# Wi-Fi News > Ειδήσεις - Αναδημοσίευση άρθρων >  German churches offer free Wi-Fi via "Godspots"

## NetTraptor

_The majority of protestant churches in eastern Germany will be getting access to the free Wi-Fi via hotspots called “Godspots”, by next year._
_In honor of the 500th anniversary of German theologist Martin Luther’s Reformation, the Berlin-Brandenburg-Silesian Oberlausitz (EKBO) church introduced a project for the expansion of Wi-Fi coverage in churches throughout eastern Germany. The project has been rolled out to 220 churches of Berlin, and 3,000 more will be getting “Godspots” by May 2017._
_The church, besides being a religious establishment, also serves as a place for group gatherings. According to EKBO’s IT manager, Fabian Blatner "People are no less spiritual than before, but the places of communication have shifted and [most people communicatia via] digital social networks and communities." As a result, providing Wi-Fi connection in churches could foster relationships between worshippers. “Godspot”
Wi-Fi can be used both inside and outside the buildings.
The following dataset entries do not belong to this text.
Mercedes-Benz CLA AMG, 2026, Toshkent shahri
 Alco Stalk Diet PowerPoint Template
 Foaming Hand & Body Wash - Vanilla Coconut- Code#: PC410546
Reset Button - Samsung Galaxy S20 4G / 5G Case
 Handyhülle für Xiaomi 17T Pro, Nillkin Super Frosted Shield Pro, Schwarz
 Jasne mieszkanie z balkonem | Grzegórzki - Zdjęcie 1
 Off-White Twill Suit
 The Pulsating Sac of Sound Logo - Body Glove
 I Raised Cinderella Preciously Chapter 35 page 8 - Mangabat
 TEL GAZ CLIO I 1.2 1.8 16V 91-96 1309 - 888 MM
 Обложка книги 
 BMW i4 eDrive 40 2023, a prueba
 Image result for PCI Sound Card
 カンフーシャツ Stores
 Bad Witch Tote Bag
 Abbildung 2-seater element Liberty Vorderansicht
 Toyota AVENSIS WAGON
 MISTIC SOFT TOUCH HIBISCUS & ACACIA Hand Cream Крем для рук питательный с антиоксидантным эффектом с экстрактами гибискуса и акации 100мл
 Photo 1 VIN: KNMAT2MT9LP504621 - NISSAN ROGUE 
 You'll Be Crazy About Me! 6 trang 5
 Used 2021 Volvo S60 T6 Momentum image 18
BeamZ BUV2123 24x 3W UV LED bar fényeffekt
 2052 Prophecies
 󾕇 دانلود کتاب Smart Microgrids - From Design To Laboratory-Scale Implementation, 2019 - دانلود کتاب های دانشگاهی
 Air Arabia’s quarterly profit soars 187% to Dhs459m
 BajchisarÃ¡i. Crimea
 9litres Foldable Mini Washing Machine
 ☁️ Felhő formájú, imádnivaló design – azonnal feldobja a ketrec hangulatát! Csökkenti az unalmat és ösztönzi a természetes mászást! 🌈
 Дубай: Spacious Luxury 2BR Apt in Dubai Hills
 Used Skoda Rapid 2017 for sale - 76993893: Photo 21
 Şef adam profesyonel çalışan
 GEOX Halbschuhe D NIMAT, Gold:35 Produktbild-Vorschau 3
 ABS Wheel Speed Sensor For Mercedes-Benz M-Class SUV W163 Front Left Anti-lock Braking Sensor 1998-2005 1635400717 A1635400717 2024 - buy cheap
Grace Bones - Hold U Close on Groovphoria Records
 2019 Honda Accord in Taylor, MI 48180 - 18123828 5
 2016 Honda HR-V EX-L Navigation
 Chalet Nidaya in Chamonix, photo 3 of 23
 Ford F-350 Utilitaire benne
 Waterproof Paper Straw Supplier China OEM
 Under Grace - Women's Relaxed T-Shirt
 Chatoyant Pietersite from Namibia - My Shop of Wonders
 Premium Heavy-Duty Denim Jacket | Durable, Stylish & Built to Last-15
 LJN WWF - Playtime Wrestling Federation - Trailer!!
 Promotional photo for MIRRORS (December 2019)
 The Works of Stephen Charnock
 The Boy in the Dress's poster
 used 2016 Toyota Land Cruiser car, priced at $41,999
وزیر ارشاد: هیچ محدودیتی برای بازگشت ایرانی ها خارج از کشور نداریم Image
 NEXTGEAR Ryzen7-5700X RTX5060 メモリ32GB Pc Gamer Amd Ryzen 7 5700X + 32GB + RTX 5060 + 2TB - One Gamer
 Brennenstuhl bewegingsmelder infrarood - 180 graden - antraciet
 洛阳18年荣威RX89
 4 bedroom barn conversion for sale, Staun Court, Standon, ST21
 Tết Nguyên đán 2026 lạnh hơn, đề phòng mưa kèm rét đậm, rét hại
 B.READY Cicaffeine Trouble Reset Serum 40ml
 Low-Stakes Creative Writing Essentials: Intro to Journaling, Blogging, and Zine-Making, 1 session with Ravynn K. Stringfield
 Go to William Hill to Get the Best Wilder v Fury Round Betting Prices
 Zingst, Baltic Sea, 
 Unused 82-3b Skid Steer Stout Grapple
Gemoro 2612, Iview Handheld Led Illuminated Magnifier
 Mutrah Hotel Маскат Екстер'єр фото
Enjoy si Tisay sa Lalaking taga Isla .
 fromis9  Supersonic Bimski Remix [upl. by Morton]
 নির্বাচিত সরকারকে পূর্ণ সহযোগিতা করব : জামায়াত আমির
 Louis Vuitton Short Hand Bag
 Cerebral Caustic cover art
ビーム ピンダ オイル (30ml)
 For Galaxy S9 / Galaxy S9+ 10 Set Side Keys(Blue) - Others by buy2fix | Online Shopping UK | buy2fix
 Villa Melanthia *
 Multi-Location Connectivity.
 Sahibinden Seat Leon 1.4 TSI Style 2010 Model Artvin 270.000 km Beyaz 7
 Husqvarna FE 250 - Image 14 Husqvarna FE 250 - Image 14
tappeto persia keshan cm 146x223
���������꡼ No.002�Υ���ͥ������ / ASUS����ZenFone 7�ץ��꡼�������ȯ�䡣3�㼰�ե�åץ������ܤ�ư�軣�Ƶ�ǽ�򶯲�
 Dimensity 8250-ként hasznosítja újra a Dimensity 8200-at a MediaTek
Before accessing the internet, information about the church, its community and topics of faith and life is shared with users before enabling them to freely surf the internet._
_Despite the fact that Germany is the world’s fourth largest economy, it does not keep up with other European countries when it comes to public Wi-Fi. The reason why Germany lags behind is due to its “Störerhaftung” laws designed to protect intellectual property from unlawful online activities. “Störerhaftung” has been disputed for years and it is highly probable that the government willl eventually ease its strict Wi-Fi liability laws. Nevertheless, EKBO has managed to spread Wi-Fi in churches throughout Germany and will complete installations by May 2017._
_Τρελή είδηση lol Ref_

----------